**ACTION ITEM**
Write out, as an exact transcription, the line that has "Advantage Base 2.0" and each line after it through the end of the data below.

Dataset entries
☆ ☆ ☆ ☆

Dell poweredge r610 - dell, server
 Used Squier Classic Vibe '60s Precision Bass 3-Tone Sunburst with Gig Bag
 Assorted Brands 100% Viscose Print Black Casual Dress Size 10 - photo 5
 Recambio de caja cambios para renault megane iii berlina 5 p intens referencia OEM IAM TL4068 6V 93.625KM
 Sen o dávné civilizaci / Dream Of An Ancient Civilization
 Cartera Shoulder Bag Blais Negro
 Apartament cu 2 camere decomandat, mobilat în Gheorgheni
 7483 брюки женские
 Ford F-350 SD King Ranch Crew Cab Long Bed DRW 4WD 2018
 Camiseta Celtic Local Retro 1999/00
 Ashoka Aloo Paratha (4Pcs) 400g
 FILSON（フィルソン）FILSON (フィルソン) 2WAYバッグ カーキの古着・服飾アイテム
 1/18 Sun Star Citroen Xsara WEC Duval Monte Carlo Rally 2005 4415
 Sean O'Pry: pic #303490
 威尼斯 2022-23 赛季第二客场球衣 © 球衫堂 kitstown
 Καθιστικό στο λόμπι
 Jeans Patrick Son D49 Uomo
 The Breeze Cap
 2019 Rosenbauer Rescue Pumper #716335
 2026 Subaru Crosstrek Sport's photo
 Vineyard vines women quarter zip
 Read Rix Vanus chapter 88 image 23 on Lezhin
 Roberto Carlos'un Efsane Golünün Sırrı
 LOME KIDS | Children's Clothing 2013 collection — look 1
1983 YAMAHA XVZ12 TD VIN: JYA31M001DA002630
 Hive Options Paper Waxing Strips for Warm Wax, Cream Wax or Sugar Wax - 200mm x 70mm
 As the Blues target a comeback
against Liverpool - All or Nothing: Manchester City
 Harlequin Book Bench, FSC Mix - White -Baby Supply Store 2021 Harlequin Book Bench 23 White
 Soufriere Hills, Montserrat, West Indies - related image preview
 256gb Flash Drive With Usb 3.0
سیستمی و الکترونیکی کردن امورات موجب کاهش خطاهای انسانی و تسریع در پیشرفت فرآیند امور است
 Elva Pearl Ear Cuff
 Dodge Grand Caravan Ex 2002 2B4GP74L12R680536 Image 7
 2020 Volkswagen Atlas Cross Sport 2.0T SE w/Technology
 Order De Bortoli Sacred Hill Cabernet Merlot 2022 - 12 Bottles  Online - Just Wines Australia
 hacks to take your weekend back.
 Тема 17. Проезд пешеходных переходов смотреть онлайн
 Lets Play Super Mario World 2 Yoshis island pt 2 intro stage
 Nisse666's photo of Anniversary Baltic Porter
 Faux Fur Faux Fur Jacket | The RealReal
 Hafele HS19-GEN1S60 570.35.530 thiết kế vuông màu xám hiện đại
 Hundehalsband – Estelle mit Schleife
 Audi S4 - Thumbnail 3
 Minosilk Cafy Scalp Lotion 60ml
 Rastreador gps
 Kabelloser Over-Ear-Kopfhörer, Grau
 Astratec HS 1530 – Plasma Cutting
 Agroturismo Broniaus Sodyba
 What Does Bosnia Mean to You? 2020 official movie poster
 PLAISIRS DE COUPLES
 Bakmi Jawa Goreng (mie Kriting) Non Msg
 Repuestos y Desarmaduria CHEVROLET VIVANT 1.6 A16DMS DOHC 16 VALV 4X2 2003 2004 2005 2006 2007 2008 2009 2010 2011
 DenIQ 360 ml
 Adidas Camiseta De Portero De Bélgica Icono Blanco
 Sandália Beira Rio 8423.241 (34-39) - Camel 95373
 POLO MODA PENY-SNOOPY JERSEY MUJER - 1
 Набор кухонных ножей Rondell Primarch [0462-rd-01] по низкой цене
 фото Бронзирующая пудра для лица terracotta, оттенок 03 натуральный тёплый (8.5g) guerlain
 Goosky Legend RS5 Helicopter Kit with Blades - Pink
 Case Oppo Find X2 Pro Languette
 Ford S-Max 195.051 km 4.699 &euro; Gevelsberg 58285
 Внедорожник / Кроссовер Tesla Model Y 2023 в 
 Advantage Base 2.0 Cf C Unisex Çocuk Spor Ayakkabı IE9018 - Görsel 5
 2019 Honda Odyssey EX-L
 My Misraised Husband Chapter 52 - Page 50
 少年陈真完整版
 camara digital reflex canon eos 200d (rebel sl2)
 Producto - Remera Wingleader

☆ ☆ ☆ ☆

**EXERCISE OUTPUT**
 Advantage Base 2.0 Cf C Unisex Çocuk Spor Ayakkabı IE9018 - Görsel 5
 2019 Honda Odyssey EX-L
 My Misraised Husband Chapter 52 - Page 50
 少年陈真完整版
 camara digital reflex canon eos 200d (rebel sl2)
 Producto - Remera Wingleader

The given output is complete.